La sixième est conçue comme un overdrive et est bienvenue pour les longues étapes autoroutières. En résumé, la V85 TT possède le meilleur moteur que Moto Guzzi ait jamais construit. Les inconditionnels gardiens du temple de la tradition guzziste pourront bien couper les cheveux en quatre en affirmant qu’il manque ceci ou cela, mais c’est un fait qu’avec ce moteur (et avec le reste de la moto!), Moto Guzzi pourra enfin séduire des motocyclistes en dehors de la base originelle de clients fidèles à la marque, qui, par la force des choses, va en se réduisant au fil des ans.
Tout pour bien faire
C’est l’ensemble de la moto qui réussit son examen de passage dans la modernité. On a des leviers au pied et pour les mains qui sont ajustables, avec des protège-mains, des soudures impeccables sur le cadre en treillis d’acier, de jolies jantes à rayons, et une selle confortable postée à 830 mm du sol (on peut aussi l’avoir à 810 ou 850 mm de hauteur).
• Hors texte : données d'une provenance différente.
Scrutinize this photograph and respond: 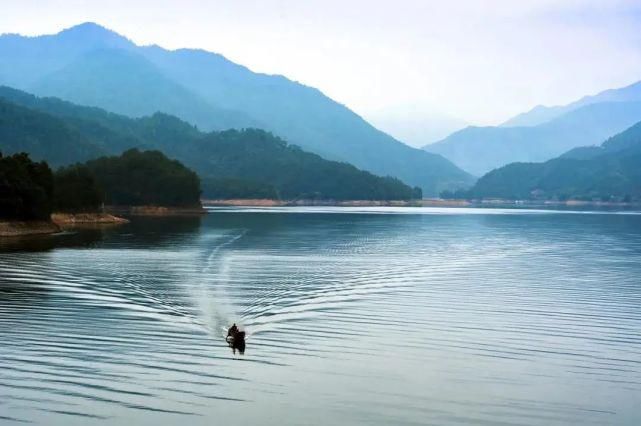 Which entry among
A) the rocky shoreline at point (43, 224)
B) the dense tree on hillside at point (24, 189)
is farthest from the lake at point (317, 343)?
the rocky shoreline at point (43, 224)

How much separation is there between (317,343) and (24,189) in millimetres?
67562

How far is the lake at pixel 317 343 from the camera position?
20.6m

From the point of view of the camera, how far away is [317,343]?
29312 mm

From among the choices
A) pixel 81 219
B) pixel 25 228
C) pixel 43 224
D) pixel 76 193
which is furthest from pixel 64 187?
pixel 25 228

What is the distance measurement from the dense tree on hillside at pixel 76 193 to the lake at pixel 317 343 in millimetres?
65769

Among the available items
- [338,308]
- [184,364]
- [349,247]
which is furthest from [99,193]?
[184,364]

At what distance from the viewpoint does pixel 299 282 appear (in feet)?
161

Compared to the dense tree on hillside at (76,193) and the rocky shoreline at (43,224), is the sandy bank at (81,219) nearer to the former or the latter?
the rocky shoreline at (43,224)

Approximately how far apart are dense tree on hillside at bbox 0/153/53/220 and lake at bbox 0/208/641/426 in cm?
2582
On a aussi comme arguments convaincants une bulle réglable en hauteur (en continu) par le biais d’une clé Inbus qui est d’ailleurs fournie, des sources de lumière à LED devant, derrière et sur les clignotants, un phare de jour qui lance un clin d’oeil à la marque avec son dessin en forme d’aigle, une prise USB dans le cockpit, un écran TFT couleur (connectable en option avec un smartphone), et des freins antérieurs avec deux disques et des étriers 4 pistons qui sont puissants et dont la dosabilité est excellente. Cerise sur le gâteau, le réservoir de 23 litre autorise des étapes de plus de 400 km!
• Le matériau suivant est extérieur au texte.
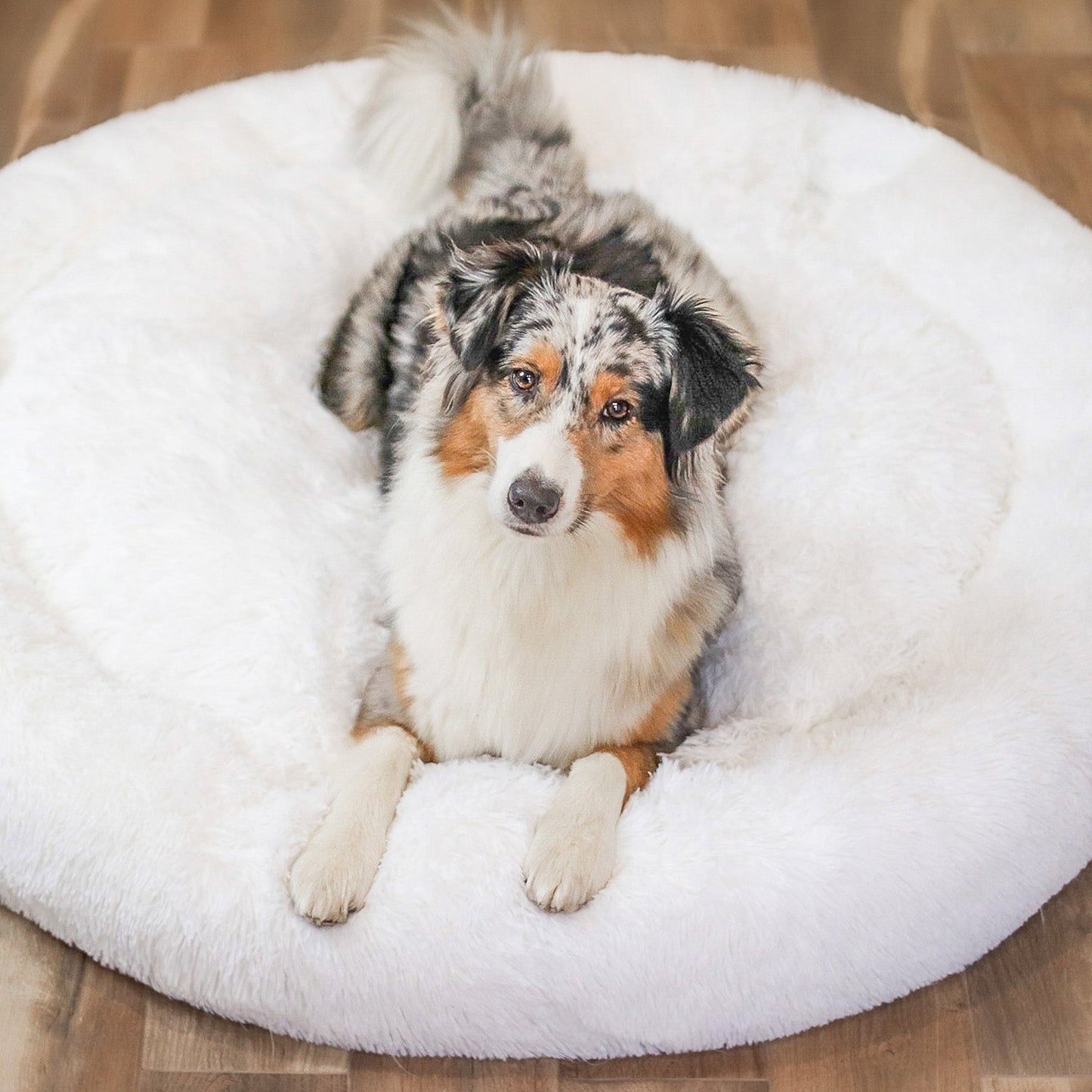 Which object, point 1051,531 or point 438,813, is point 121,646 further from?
point 1051,531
Un soupçon de tout-terrain?
On peut déconnecter l’ABS dans le mode de pilotage Offroad (on a aussi les modes Road et Rain). Bien sûr, la V85 TT n’est pas une enduro capable de faire du saute-rocher, avec ses 170 mm de débattements et ses 230 kg en ordre de marche. Il n’empêche qu’à son guidon, les amateurs pourront rouler en tout-terrain léger avec nettement moins de stress qu’à bord des lourdes enduros de voyage de la classe supérieure. Le grand bras de levier offert par le guidon facilite les demi-tours et les manoeuvres dans des espaces restreints, et l’on ne craint pas (peu) de se voir écrasé par sa propre moto.
Il faut rester cool
Comme presque toutes les enduros de voyage, la V85 TT est cependant vraiment dans son élément sur la route. Les motocyclistes mesurant entre 170 et 190 cm se sentiront à l’aise à son bord. Le réglage de base des suspensions est orienté vers le confort. Les plus sportifs d’entre nous pourront bien sûr rigidifier tout cela, à l’avant comme derrière, ce qui fait que les repose-pieds gratteront l’asphalte un peu plus tard. La grande roue de 19 pouces à l’avant fait que la machine est imperturbable en ligne droite, et l’étroitesse des pneus la rend agile et prête à tous les virages. Enfin le moteur très homogène convient lui aussi au caractère et au motto que l’on déduit de la partie-cycle: «rapide, si, veloce, no!»